**Work task:**
With pictures excluded, repeat exactly the lines from the one containing "Afgelopen zomer had" through the last line of the material below.

━━ Available data

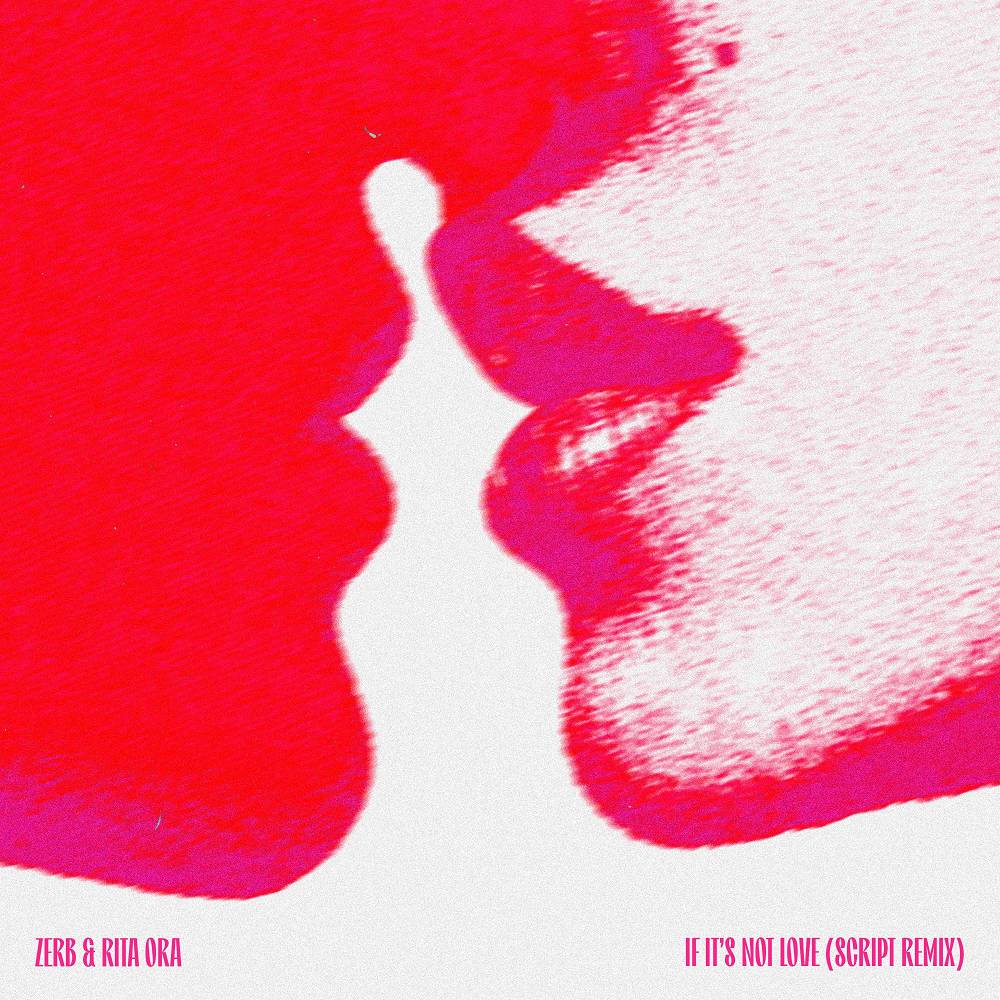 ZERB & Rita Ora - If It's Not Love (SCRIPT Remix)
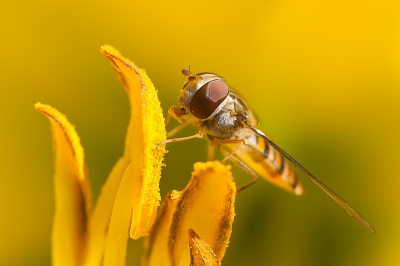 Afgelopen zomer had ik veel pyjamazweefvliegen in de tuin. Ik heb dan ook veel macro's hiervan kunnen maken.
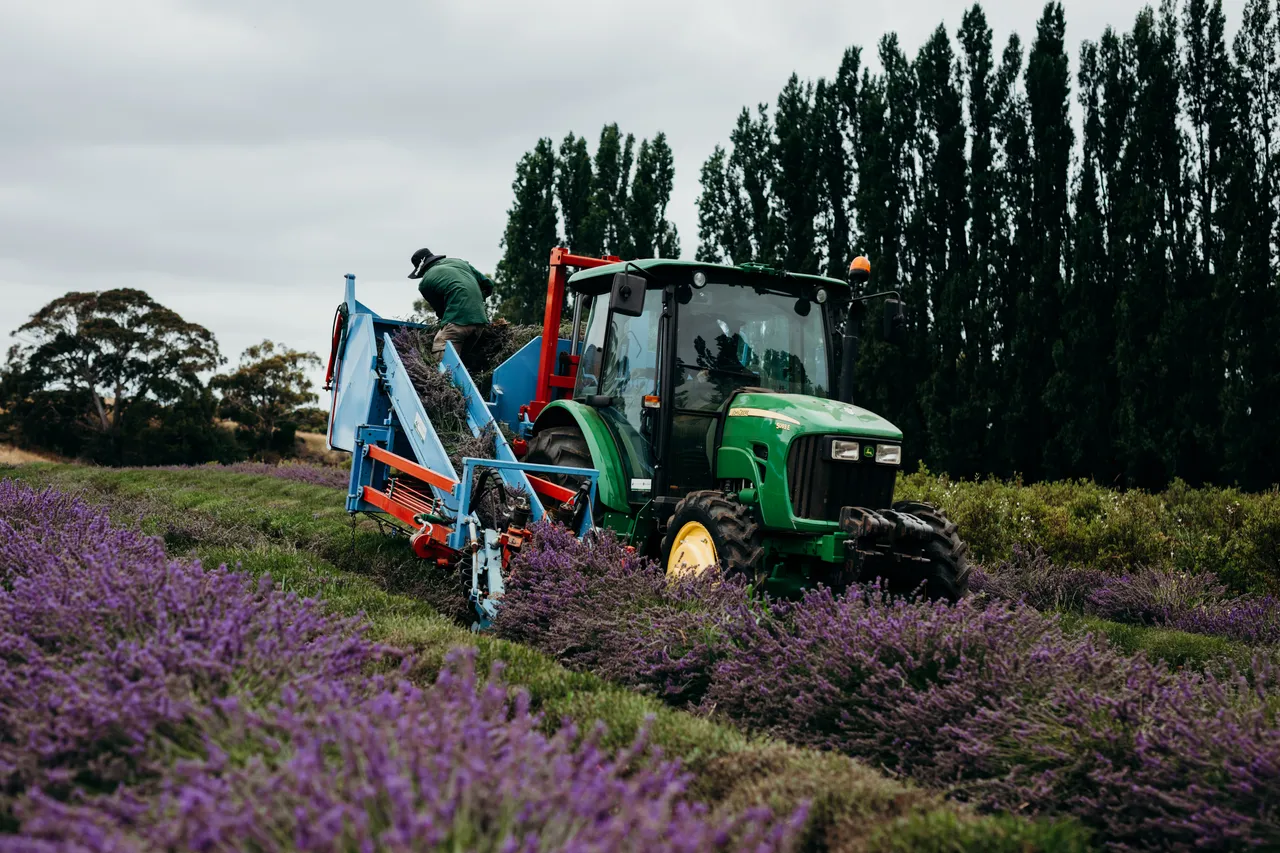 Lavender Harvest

━━━━

**Solution for this task:**
 Afgelopen zomer had ik veel pyjamazweefvliegen in de tuin. Ik heb dan ook veel macro's hiervan kunnen maken.
 Lavender Harvest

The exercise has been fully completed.